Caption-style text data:
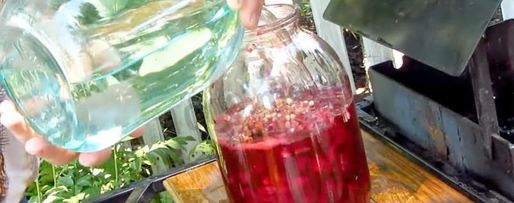 Шаг 3: настойки из вишни на спирту домашняя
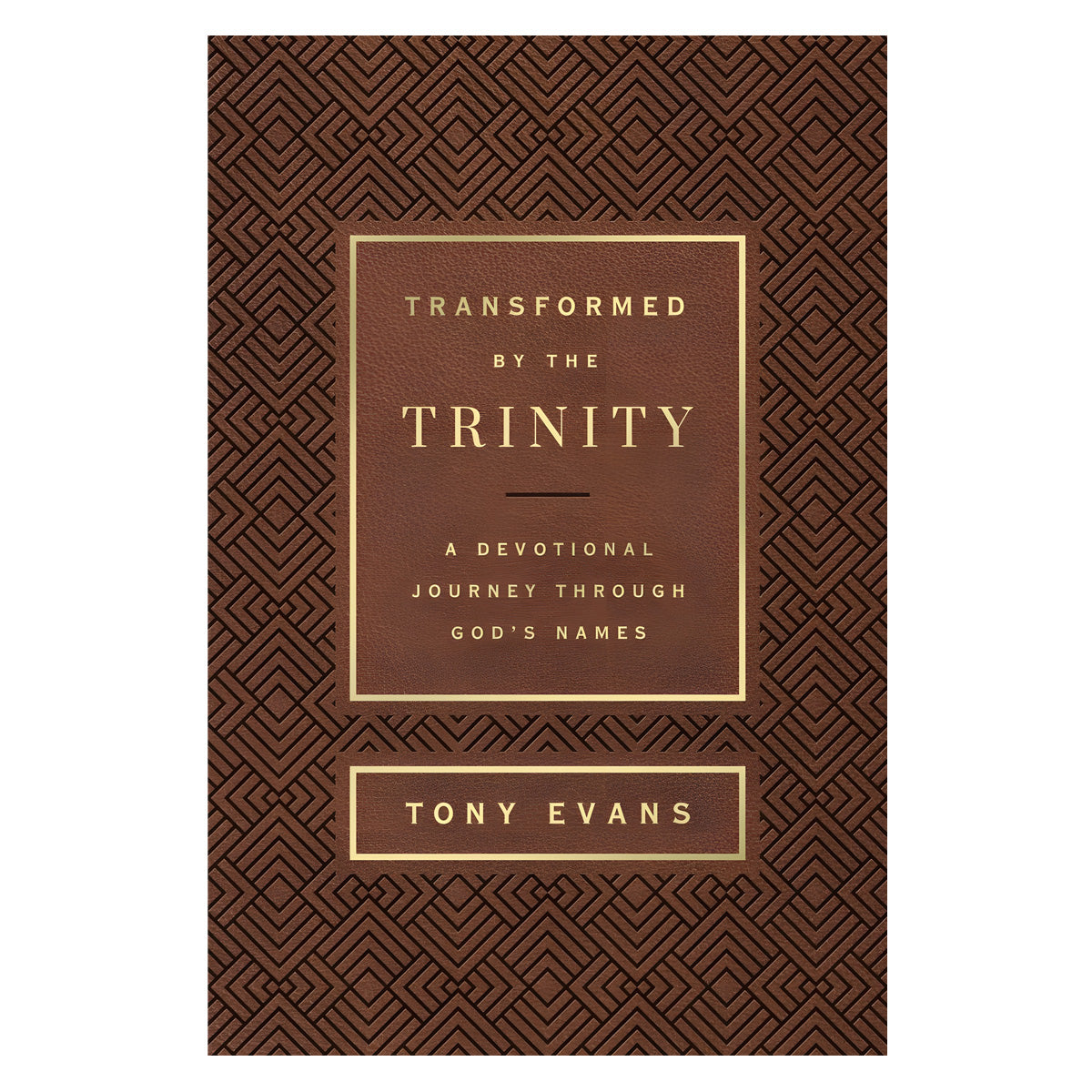 Transformed by the Trinity: A Devotional Journey Through God's Names - The Names of God Series IM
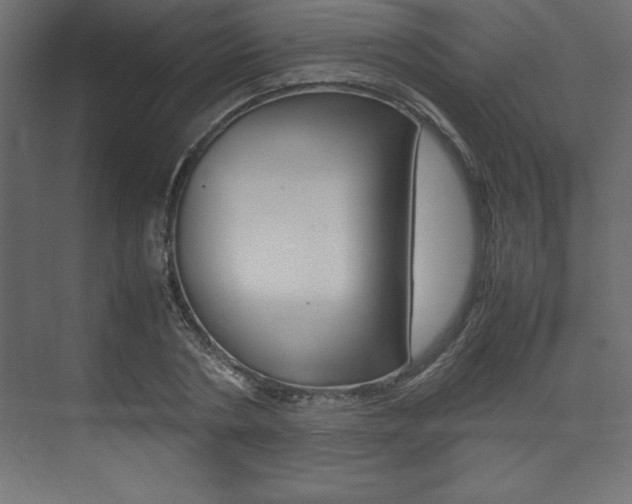 X0000074030786200608211135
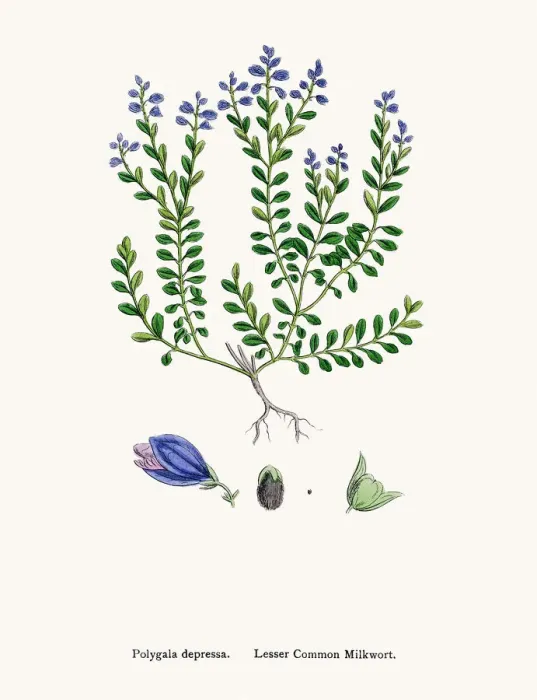 Framed Print : Milkwort medicinal plant for cancer treatment Framed Print : Milkwort medicinal plant for cancer treatment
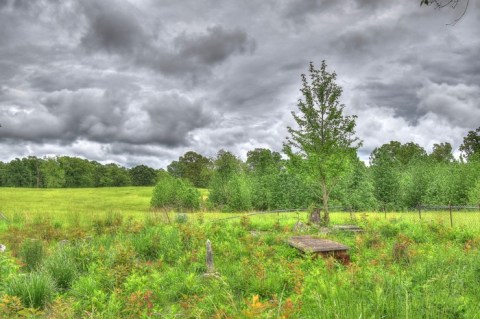 The Once Thriving Community Of Sylvesteria, Mississippi Has Been Reduced To A Few Tombstones In An Overgrown Cemetery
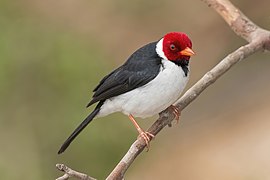 Yellow-billed cardinal (Paroaria capitata)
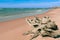 Driftwood Near Big Sable Point Lighthouse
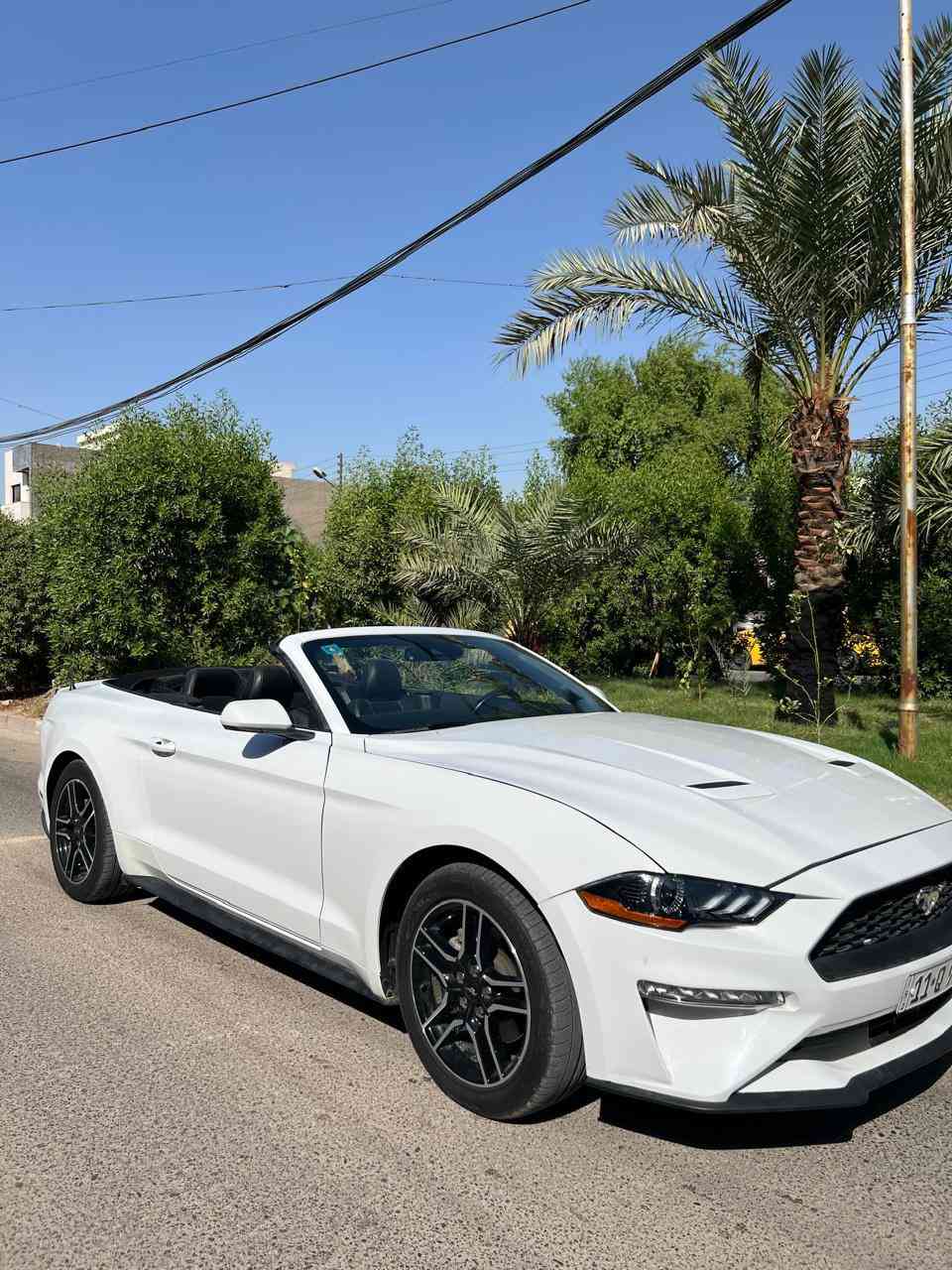 السلام عليكم
موستنك موديل ٢٠٢٣ لون ابيض 
 فول مواصفات قماره كشف 🏎️
محرك 4 سلندر توربو  و كشنات كهربائية وتحكم ستيرن و شاشة +كامره خلفيه 
حادثها بسيط بدون ايرباك 
صبغ بيها بس راس البنيد ورأس الجاملغ 
العنوان : بغداد -  السيديه 
رقم تلفوني للاستفسار واتساب 
***********‬
سعرها 184 ونص 
ترهم مراوس
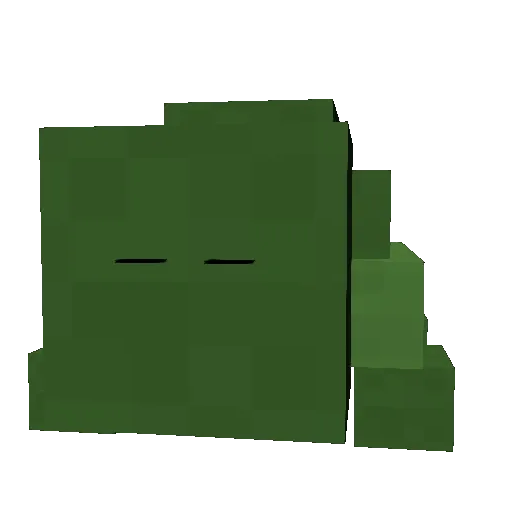 Bog Turtle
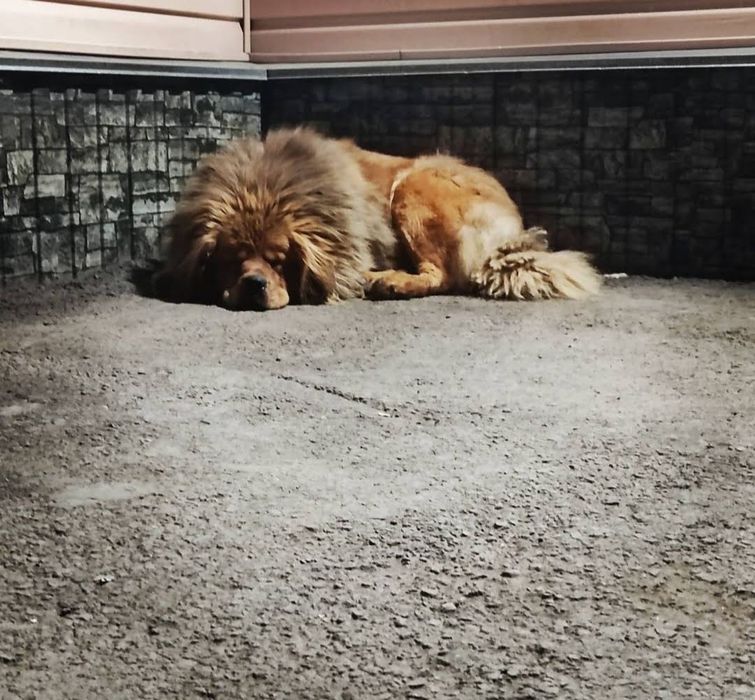 Щенки Тибетского мастифа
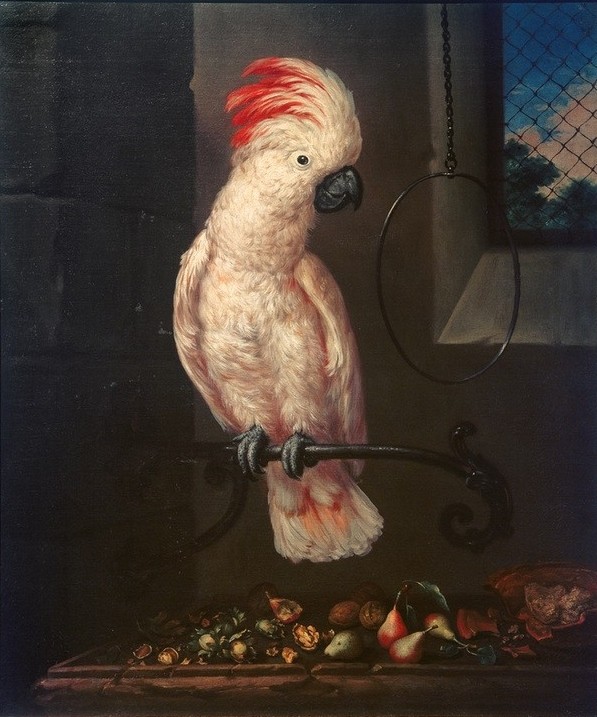 Bartolomeo Bimbi, Weißer Papagei  (Kakadu, Vogel, exotisch, Tiere, Ornothologie, Klassiker, Wunschgröße, Malerei, Esszimmer, Wohnzimmer, bunt)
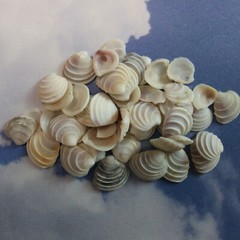 WEDDING CAKE SEASHELLS, Craft Supply, Beach Decor, Beach Weddings,flowers SS-475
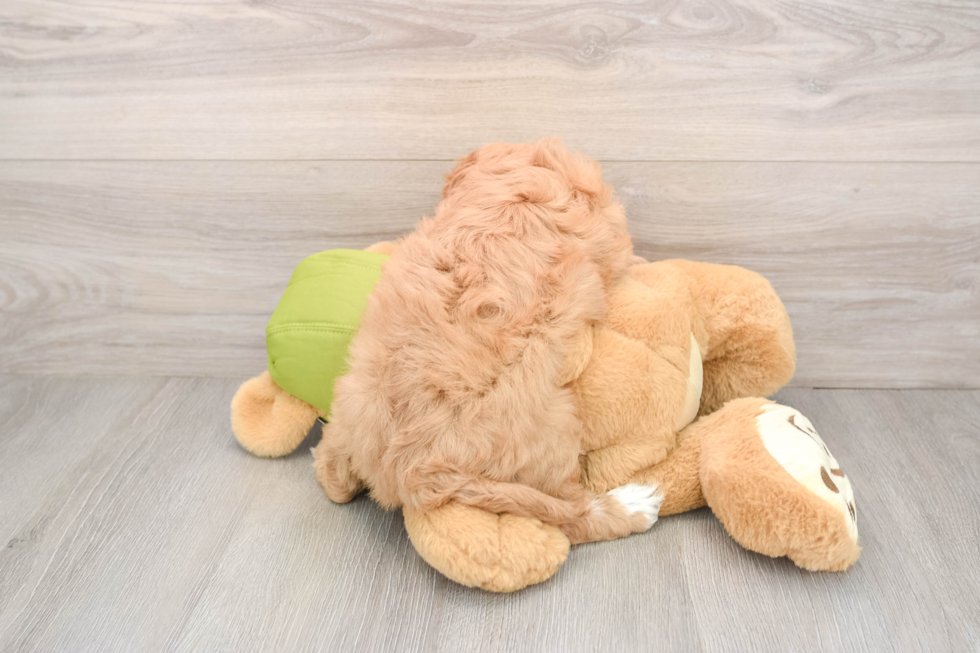 Cavapoo Puppy for Adoption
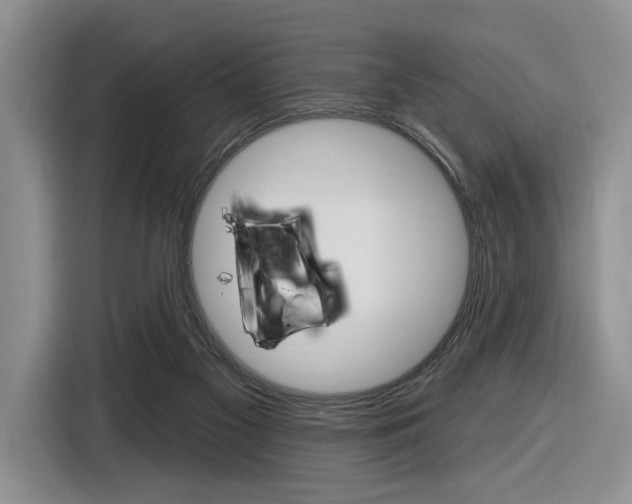 X0000116890117200912221012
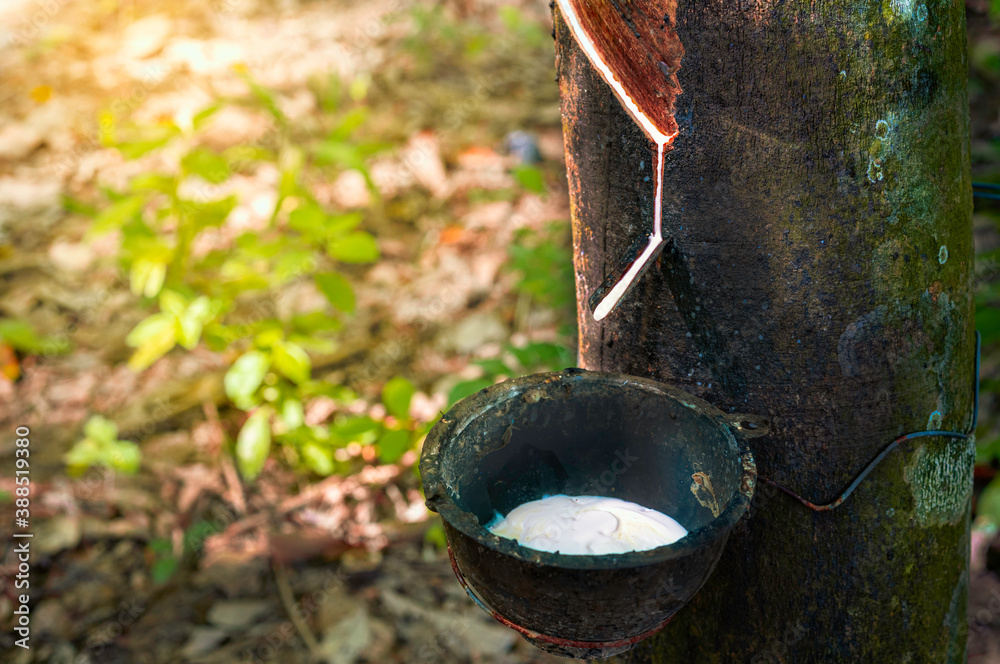 White sap flowing from the grooved rubber tree flows into a black bowl full of latex and has a beautiful soft orange light background, Tapping latex rubber tree, Milk of rubber tree White sap flowing from the grooved rubber tree flows into a black bowl full of latex and has a beautiful soft orange light background, Tapping latex rubber tree, Milk of rubber tree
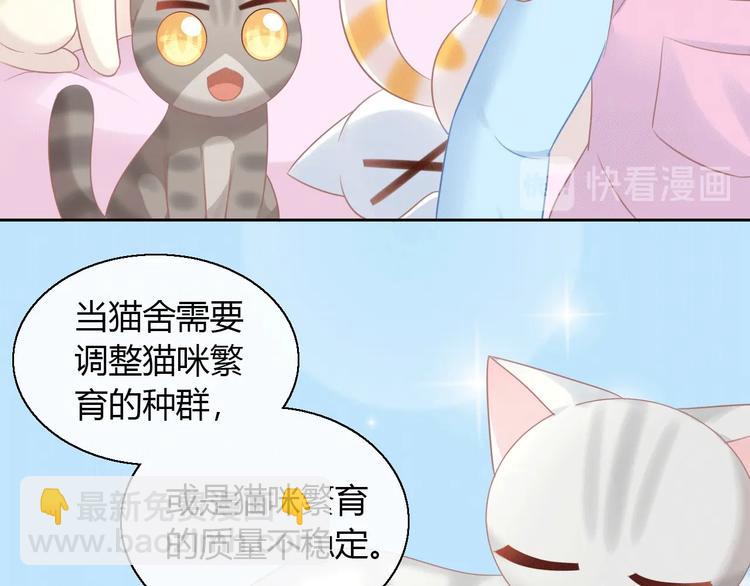 第130话 猫舍C位（六）29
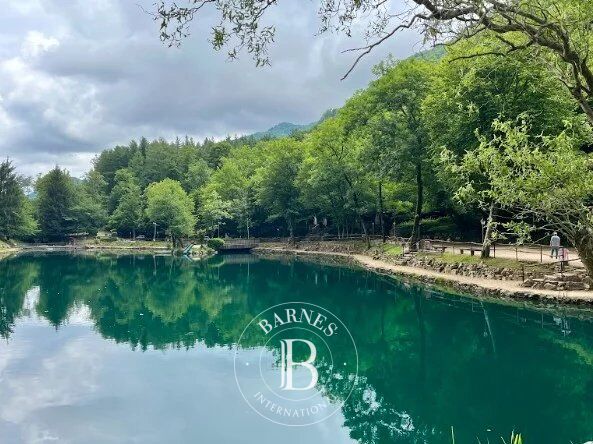 Malikane Valganna - picture 24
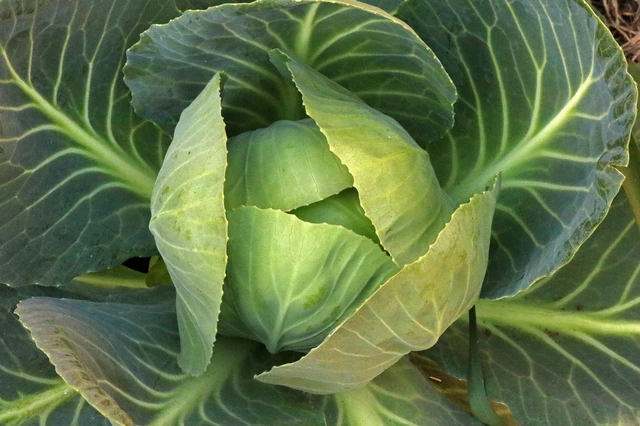 Cruciferous Vegetables (Brassicaceae): Health Benefits - StoryMD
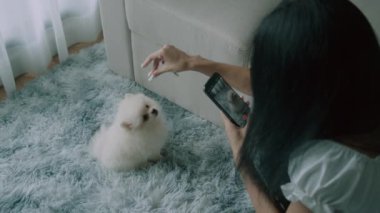 Siyah saçlı kadın akıllı telefonuyla oturma odasında modern bir iç mekanı olan şirin beyaz köpeğinin fotoğrafını çekiyor. Esmer kadın telefonunu tutuyor ve küçük tüylü köpeğin fotoğrafını çekiyor. İnsanlar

Requirement.
Please set down every line of the data above precisely, dropping the images.

Written response.
 Шаг 3: настойки из вишни на спирту домашняя
 Transformed by the Trinity: A Devotional Journey Through God's Names - The Names of God Series IM
 X0000074030786200608211135
 Framed Print : Milkwort medicinal plant for cancer treatment Framed Print : Milkwort medicinal plant for cancer treatment
 The Once Thriving Community Of Sylvesteria, Mississippi Has Been Reduced To A Few Tombstones In An Overgrown Cemetery
 Yellow-billed cardinal (Paroaria capitata)
 Driftwood Near Big Sable Point Lighthouse
 السلام عليكم
موستنك موديل ٢٠٢٣ لون ابيض 
 فول مواصفات قماره كشف 🏎️
محرك 4 سلندر توربو  و كشنات كهربائية وتحكم ستيرن و شاشة +كامره خلفيه 
حادثها بسيط بدون ايرباك 
صبغ بيها بس راس البنيد ورأس الجاملغ 
العنوان : بغداد -  السيديه 
رقم تلفوني للاستفسار واتساب 
***********‬
سعرها 184 ونص 
ترهم مراوس
 Bog Turtle
 Щенки Тибетского мастифа
 Bartolomeo Bimbi, Weißer Papagei  (Kakadu, Vogel, exotisch, Tiere, Ornothologie, Klassiker, Wunschgröße, Malerei, Esszimmer, Wohnzimmer, bunt)
 WEDDING CAKE SEASHELLS, Craft Supply, Beach Decor, Beach Weddings,flowers SS-475
 Cavapoo Puppy for Adoption
 X0000116890117200912221012
 White sap flowing from the grooved rubber tree flows into a black bowl full of latex and has a beautiful soft orange light background, Tapping latex rubber tree, Milk of rubber tree White sap flowing from the grooved rubber tree flows into a black bowl full of latex and has a beautiful soft orange light background, Tapping latex rubber tree, Milk of rubber tree
 第130话 猫舍C位（六）29
 Malikane Valganna - picture 24
 Cruciferous Vegetables (Brassicaceae): Health Benefits - StoryMD
 Siyah saçlı kadın akıllı telefonuyla oturma odasında modern bir iç mekanı olan şirin beyaz köpeğinin fotoğrafını çekiyor. Esmer kadın telefonunu tutuyor ve küçük tüylü köpeğin fotoğrafını çekiyor. İnsanlar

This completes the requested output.